:: Task details ::
Each line from the start of the listing below through the line containing "Toronto C01, ON M6J 0A5,1171 Queen ST W #401" should be reproduced exactly, with no others.

*** Given data Section Begins ***

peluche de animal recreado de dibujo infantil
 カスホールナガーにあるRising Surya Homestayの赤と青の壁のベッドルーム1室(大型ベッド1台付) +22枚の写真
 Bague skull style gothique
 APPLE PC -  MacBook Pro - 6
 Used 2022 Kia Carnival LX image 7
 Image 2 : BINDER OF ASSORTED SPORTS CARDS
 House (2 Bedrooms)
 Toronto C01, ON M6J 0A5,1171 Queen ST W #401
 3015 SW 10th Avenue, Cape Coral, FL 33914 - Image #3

*** Given data Section Ends ***

:: Reply ::
peluche de animal recreado de dibujo infantil
 カスホールナガーにあるRising Surya Homestayの赤と青の壁のベッドルーム1室(大型ベッド1台付) +22枚の写真
 Bague skull style gothique
 APPLE PC -  MacBook Pro - 6
 Used 2022 Kia Carnival LX image 7
 Image 2 : BINDER OF ASSORTED SPORTS CARDS
 House (2 Bedrooms)
 Toronto C01, ON M6J 0A5,1171 Queen ST W #401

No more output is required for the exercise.